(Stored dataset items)

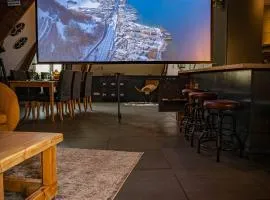 Elegance anglaise en hypercentre du Mans avec vidéoprojecteur, babyfoot et fléchette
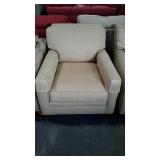 Thomasville upholstered living room chair with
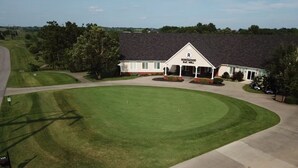 A golf course with a clubhouse named Rosewood Bar & Grill. - One-level Family Retreat I  Game Room I Bourbon Trail I King bed (Lebanon)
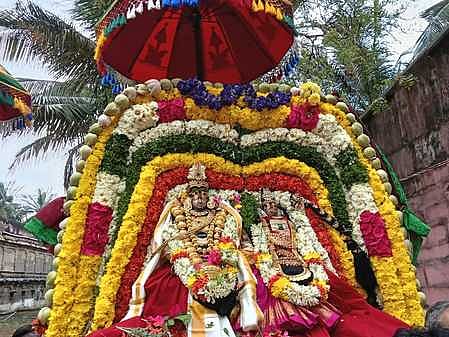 தேரில் எழுந்தருளிய சுந்தராம்பிகை உடனாய வைத்தியநாதசுவாமி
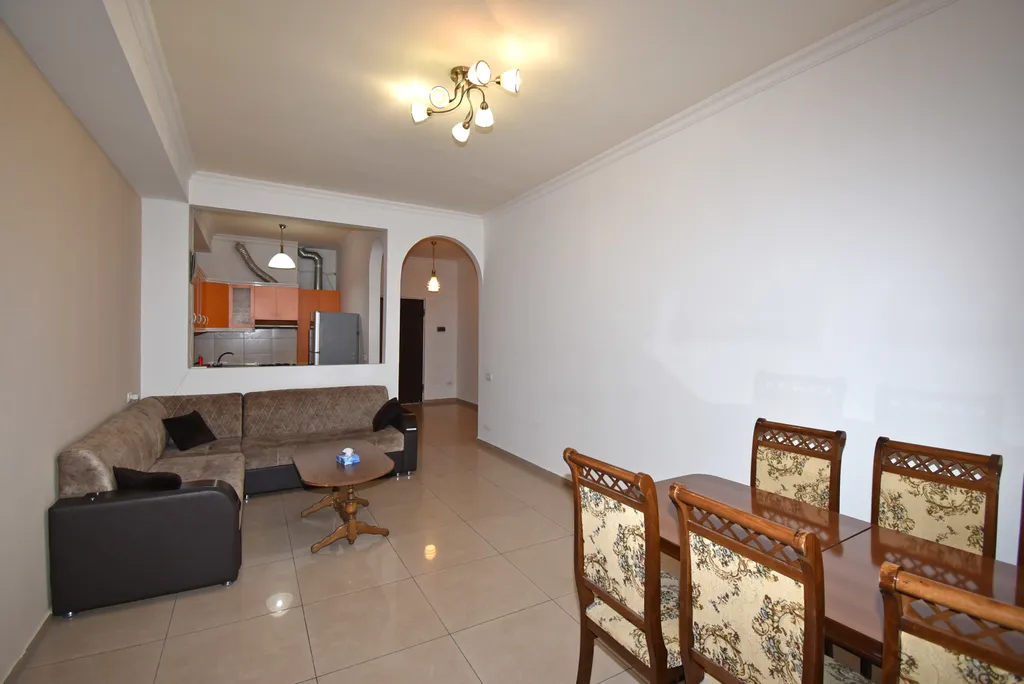 Светлая квартира в самом центре Еревана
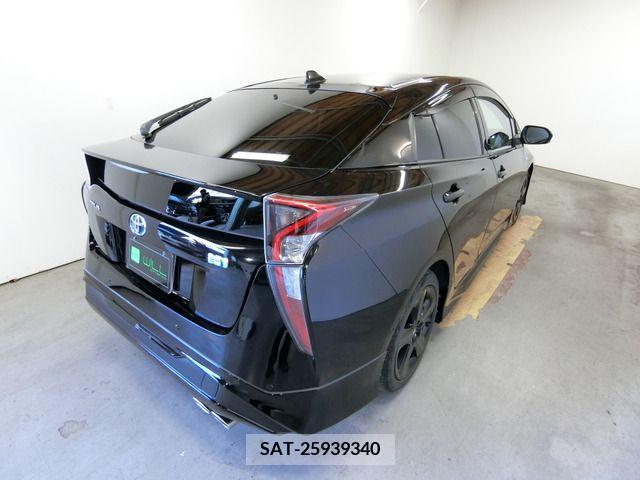 Toyota PRIUS 2016-09 224554-13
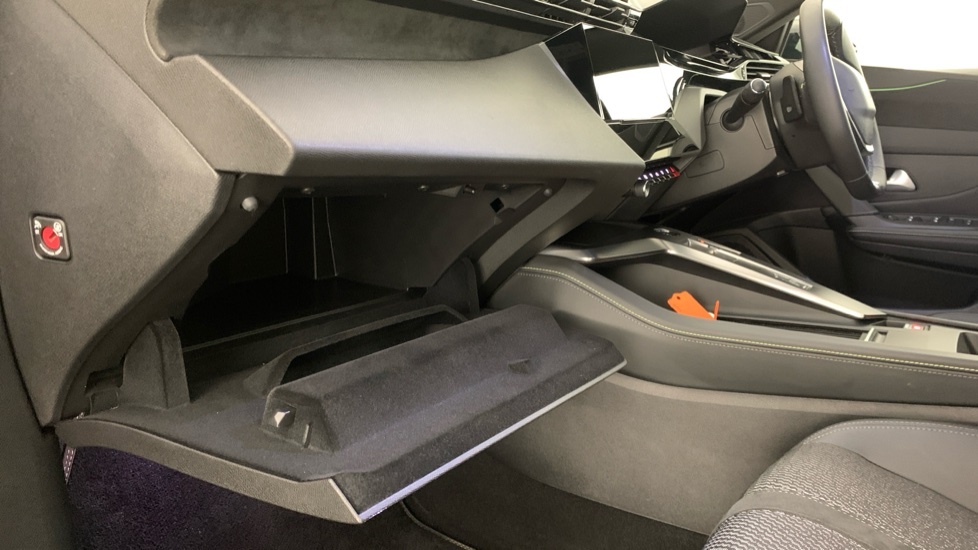 Peugeot 308 1.2 Hybrid 145 Gt E-dsc6 Grey #43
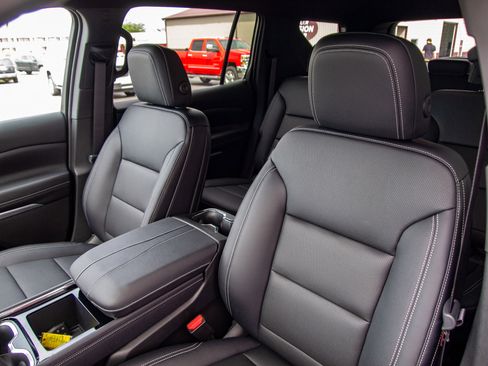 New 2026 Chevrolet Traverse LT AWD/4WD image 23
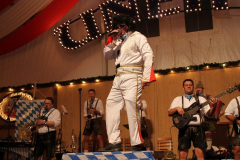 herbstfeststimmung_mit_der_bayrischen_kultkapelle_14_hoibe_19_20120912_1124360931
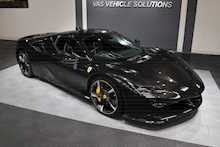 Ferrari SF90 Stradale T V8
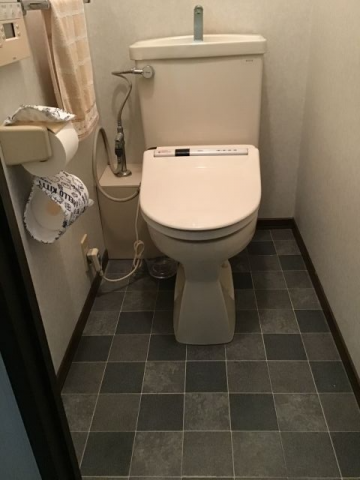 トイレ交換工事　埼玉県飯能市　TCF4833AKR-SC1 - Before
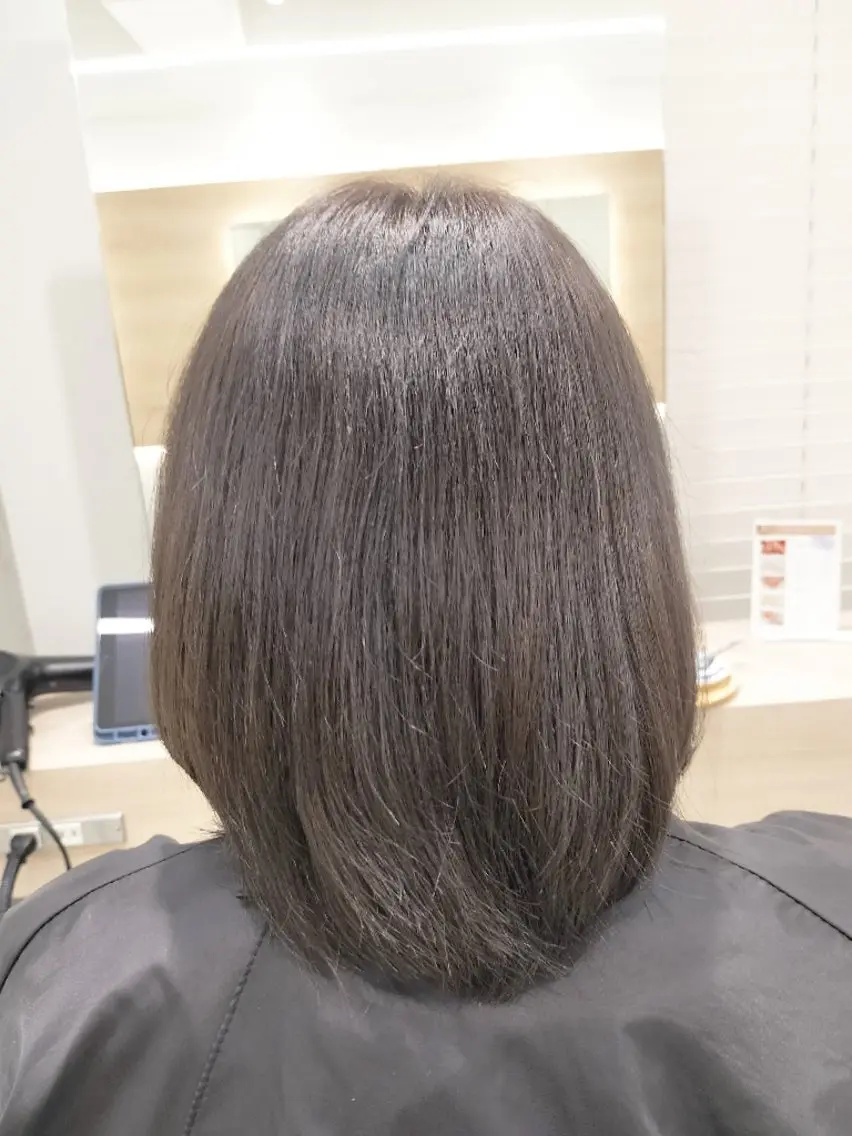 ミディアム ヘアカラー ほんま ひろみのヘアスタイル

> [EXERCISE INSTRUCTIONS]:
Write out the lines above from the one with "Thomasville upholstered living" through the one with "Ferrari SF90 Stradale T V8", ends included, exactly; no picture goes in.

> [OUTPUT OF THE TASK]:
 Thomasville upholstered living room chair with
 A golf course with a clubhouse named Rosewood Bar & Grill. - One-level Family Retreat I  Game Room I Bourbon Trail I King bed (Lebanon)
 தேரில் எழுந்தருளிய சுந்தராம்பிகை உடனாய வைத்தியநாதசுவாமி
 Светлая квартира в самом центре Еревана
 Toyota PRIUS 2016-09 224554-13
 Peugeot 308 1.2 Hybrid 145 Gt E-dsc6 Grey #43
 New 2026 Chevrolet Traverse LT AWD/4WD image 23
 herbstfeststimmung_mit_der_bayrischen_kultkapelle_14_hoibe_19_20120912_1124360931
 Ferrari SF90 Stradale T V8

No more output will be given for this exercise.